- Born: Addis Ababa
- Occupation: Women's rights activist

= Sehin Teferra =

Sehin Teferra is an Ethiopian feminist activist who promotes the idea of Ethiopian identity and sees herself as pan-Ethiopianist.

==Childhood and education==
Sehin Teferra was born in Addis Ababa. She attended primary school at Nazareth School and high school at Sanford English Community School. She obtained a sociology undergraduate degree at the University of La Verne campus in Athens, a master's degree in international development with a focus on gender at Clark University, and obtained her PhD at SOAS University of London in 2015.

==Feminist activism==
Sehin co-founded a feminist group Setaweet and a corresponding firm Setaweet Plc, in a "hybrid social enterprise model".

During October 2011-July 2102, Sehin carried out research into the situation of sex workers in Addis Ababa, carrying out "90 interviews, seven focus group discussions with sex worker women and their male partners, as well as two groups of male university students". She found that the sex workers did not see themselves as victims, and that they were "intelligent, humorous and often honest about the opportunities and challenges of being a sex worker". Sehin summarised by stating that the "views and experiences of the women [who were] interviewed paint a complex picture where many women come into their own, negotiating with their sexuality an income while withstanding the 'occupational hazard' of rampant violence."

In February 2021, Sehin stated that Setaweet had recorded testimonies from victims of sexual violence in the Tigray war. The victims attributed rapes to the Eritrean Defence Forces (EDF). Sehin stated that Setaweet's documentation showed that rape was "happening on a large scale" and that "parents in Tigray [were] shaving their daughters' heads and dressing them 'as boys' to protect them from rape".

==Points of view==
===Ethnic identity===
Sehin disagrees with Awol Allo's views on ethnic identity in Ethiopia, arguing that Awol incorrectly rejects the existence of an Ethiopian identity by misrepresenting it. She described Awol as a bigot for denying the right of Ethiopians to see themselves as having an Ethiopian identity.
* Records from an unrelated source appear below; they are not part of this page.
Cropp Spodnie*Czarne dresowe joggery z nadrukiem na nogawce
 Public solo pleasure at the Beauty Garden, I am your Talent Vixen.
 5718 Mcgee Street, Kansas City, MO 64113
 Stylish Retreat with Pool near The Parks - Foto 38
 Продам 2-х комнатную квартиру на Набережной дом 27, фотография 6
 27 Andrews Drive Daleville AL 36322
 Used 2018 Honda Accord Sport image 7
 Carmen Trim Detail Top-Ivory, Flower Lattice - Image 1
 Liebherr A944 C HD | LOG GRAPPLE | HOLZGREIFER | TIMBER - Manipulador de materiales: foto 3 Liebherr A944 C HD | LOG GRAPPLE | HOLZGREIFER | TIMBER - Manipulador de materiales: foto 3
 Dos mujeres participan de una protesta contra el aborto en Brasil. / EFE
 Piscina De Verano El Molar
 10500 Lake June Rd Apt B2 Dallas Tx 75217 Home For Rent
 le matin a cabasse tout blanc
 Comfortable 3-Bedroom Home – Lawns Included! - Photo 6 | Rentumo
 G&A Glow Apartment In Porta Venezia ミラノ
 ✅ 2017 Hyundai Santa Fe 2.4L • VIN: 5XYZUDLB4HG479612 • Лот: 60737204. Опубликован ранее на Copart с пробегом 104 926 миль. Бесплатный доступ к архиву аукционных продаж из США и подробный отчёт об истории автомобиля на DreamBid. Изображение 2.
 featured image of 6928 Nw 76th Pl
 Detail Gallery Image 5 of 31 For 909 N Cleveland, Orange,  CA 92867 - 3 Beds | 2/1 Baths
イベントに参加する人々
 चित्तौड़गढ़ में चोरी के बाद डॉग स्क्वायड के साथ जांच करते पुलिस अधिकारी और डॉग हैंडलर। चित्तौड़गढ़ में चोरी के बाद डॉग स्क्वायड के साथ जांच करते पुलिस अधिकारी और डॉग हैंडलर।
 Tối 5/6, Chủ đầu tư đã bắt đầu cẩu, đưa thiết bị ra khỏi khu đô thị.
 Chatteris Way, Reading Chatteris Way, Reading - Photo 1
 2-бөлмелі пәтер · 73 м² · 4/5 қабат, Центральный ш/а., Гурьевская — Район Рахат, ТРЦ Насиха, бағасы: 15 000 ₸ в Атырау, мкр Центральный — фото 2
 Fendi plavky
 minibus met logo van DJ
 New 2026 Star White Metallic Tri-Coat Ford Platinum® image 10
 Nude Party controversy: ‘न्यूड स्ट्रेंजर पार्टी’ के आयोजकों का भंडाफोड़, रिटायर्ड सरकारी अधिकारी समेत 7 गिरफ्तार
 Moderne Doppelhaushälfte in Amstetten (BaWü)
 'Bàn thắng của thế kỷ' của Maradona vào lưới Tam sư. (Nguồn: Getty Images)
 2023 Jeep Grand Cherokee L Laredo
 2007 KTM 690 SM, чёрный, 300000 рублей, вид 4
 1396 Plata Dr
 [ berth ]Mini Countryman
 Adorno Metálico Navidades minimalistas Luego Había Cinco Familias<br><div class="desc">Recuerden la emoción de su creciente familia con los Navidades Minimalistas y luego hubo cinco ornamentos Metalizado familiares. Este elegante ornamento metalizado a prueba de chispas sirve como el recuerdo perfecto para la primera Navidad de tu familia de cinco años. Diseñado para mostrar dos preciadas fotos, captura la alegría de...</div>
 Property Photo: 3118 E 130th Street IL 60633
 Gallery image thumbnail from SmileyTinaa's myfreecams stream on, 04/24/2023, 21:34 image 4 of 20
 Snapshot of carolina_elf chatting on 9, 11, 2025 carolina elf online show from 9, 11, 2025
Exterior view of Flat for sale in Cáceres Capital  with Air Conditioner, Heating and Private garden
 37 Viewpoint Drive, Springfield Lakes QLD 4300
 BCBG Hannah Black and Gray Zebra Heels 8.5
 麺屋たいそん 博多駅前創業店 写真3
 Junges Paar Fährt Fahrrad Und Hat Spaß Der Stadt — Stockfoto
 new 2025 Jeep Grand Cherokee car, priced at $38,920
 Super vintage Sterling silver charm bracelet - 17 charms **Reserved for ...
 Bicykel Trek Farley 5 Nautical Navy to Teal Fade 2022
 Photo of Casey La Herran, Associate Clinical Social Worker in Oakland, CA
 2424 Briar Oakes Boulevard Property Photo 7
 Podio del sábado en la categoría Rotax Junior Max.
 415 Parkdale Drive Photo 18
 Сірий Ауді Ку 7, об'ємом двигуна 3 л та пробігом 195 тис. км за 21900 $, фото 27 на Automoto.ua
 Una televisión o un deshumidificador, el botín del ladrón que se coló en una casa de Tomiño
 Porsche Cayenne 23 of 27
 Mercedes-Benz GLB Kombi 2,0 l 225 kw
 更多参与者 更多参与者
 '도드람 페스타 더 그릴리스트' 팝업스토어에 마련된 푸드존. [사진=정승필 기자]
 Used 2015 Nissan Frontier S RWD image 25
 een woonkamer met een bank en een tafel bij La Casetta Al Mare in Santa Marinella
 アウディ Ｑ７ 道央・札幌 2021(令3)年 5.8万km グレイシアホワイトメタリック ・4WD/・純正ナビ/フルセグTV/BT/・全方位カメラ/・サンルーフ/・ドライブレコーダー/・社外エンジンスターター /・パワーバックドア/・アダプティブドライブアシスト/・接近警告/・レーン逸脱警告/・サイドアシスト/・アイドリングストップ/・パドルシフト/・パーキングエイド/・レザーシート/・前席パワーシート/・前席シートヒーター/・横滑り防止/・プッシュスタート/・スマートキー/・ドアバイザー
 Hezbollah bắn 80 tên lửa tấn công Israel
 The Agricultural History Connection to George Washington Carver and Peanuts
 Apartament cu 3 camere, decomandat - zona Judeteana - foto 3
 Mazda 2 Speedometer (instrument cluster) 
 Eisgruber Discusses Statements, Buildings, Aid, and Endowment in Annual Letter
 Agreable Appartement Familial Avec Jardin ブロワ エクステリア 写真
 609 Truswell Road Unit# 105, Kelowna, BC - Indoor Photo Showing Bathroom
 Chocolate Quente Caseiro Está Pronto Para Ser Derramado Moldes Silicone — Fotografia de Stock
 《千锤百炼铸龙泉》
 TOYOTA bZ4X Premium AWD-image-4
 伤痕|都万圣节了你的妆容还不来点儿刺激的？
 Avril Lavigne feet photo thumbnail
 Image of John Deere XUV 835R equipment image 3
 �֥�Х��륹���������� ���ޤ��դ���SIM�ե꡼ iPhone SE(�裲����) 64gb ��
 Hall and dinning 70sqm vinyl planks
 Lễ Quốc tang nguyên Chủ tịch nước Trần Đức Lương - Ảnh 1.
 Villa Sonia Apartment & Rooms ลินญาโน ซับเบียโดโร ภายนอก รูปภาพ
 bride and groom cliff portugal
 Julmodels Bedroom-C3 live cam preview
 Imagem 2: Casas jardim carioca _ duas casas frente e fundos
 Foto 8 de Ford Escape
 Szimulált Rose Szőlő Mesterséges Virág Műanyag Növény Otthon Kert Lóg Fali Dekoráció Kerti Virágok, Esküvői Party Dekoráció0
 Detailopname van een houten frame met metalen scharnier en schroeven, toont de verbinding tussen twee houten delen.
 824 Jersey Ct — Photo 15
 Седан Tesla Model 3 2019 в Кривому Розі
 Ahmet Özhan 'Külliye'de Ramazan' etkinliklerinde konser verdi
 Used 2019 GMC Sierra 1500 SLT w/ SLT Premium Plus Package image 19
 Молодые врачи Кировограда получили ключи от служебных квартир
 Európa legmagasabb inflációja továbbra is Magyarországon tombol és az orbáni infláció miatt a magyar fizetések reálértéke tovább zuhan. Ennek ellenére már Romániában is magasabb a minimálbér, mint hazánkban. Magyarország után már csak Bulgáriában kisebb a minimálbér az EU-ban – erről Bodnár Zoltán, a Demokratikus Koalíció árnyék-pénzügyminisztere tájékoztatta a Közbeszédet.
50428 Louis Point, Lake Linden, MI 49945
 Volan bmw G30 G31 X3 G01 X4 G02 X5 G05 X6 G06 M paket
Sehin identifies herself as pan-Ethiopianist.

===Violence===
According to Martha Kuwee Kumsa, Sehin "categorical[ly] associat[es]" the Qeerroo with violence, which Martha criticises as hiding the diversity among Qeerroos. Also according to Martha, Sehin criticised Awol Allo for criticising violence against Oromos but not violence by Oromos.

Sehin described Awol as having "fanned the flames of ethnic bigotry" in relation to the June 2020 Hachalu Hundessa riots that followed the murder of Oromo singer Hachalu Hundessa. She interpreted Awol's use of the word "they" in relation to the protests as an ethnic "us-vs-them" attitude. Sehin interpreted Awol's criticism of arrests made in relation to the protests as supporting the violence and of ignoring the evidence of the possible involvement of the Oromo Liberation Front in the murder. She accused Awol of being "silen[t] against the atrocities committed by his own side."

==Criticism==
Martha criticised Sehin for Sehin's criticism of Awol, in which Sehin described Awol's view of Ethiopian identity as a "bogeyman of Ethiopianness".